There are other big, even huge, differences between Mattis and Trump. Mattis, for example, is an avid reader. He prepared a reading list for his officers before deploying to Iraq in 2004 and required that it be studied. Tip to OSD-Policy: Start reading the works of Sir Hew Strachan, Mattis’ favorite strategist.
Mattis is against isolationism and a fan of what he calls “continued American engagement in the world.” He also believes that “compromise [is] … a fundamental necessity at the heart of democratic government.” (Warning to Pentagoners: Mattis also is anti-PowerPoint, which he says “makes us stupid.”) And Trump avoided the draft, while retired Marine Colonel Gary Anderson calls Mattis “the finest combat leader we’ve produced since Korea.”
Mattis also is a fiscal conservative. This is not a bad thing to have for someone running the Pentagon. It also may make Mattis skeptical of some of Trump’s promise to cut taxes while boosting defense spending and making American infrastructure great again.
Most of all, I would say, Mattis is meditative.
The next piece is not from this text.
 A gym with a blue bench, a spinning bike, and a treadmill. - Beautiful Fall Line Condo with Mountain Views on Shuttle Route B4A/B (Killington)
In reviewing the case of Lieutenant Colonel Allen West, an Army artillery battalion commander who fired a handgun next to the ear of a detainee he was interrogating, Mattis wrote, “this shows a commander who has lost his moral balance or watched too many Hollywood movies.” (After leaving the Army, West went on to become a one-term Republican congressman from Florida and then, of course, a Fox news commentator.)